**Data section:**
______________________________

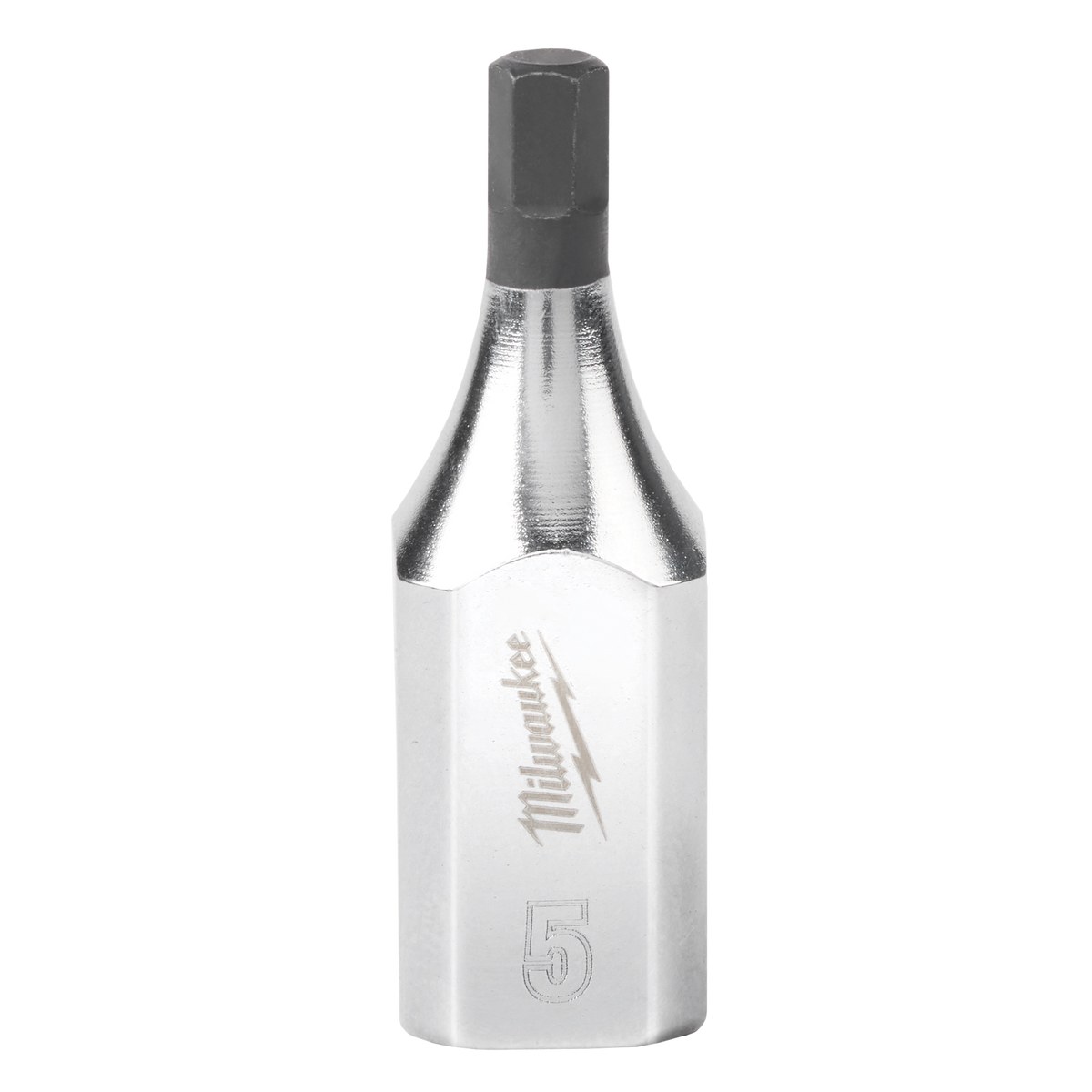 Milwaukee 3/8" Drive 5mm Hex Bit Socket | 45-34-1051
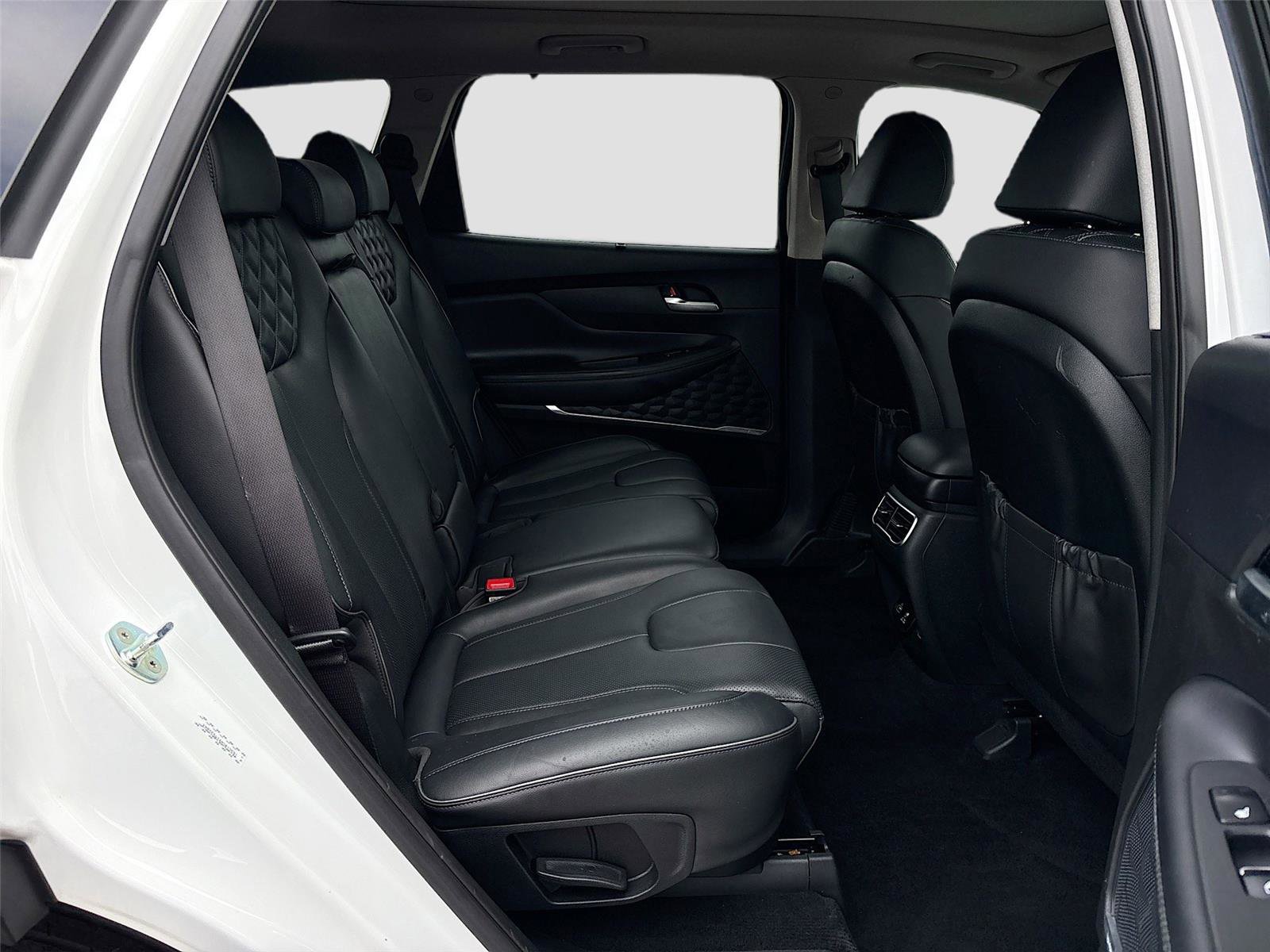 Used 2021 Hyundai Santa Fe Limited AWD/4WD image 29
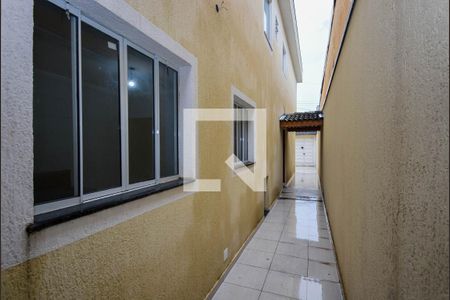 Casa para alugar com 105m², 3 quartos e 4 vagas Casa para alugar com 105m², 3 quartos e 4 vagasÁrea comum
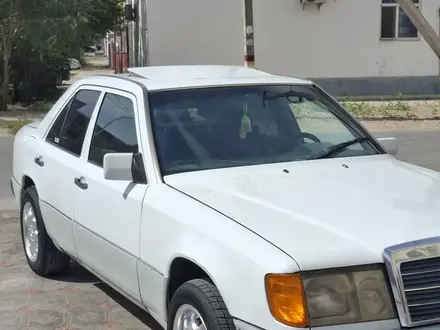 Mercedes-Benz E 230 1992 года за 1 150 000 тг. в Кызылорда – фото 7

______________________________

**Activity:**
Exactly reproduce the lines beginning at the one that contains "Casa para alugar com 105m², 3 quartos e 4 vagas Casa" and ending at the final line of the material, with the pictures left out.

**Reply:**
 Casa para alugar com 105m², 3 quartos e 4 vagas Casa para alugar com 105m², 3 quartos e 4 vagasÁrea comum
 Mercedes-Benz E 230 1992 года за 1 150 000 тг. в Кызылорда – фото 7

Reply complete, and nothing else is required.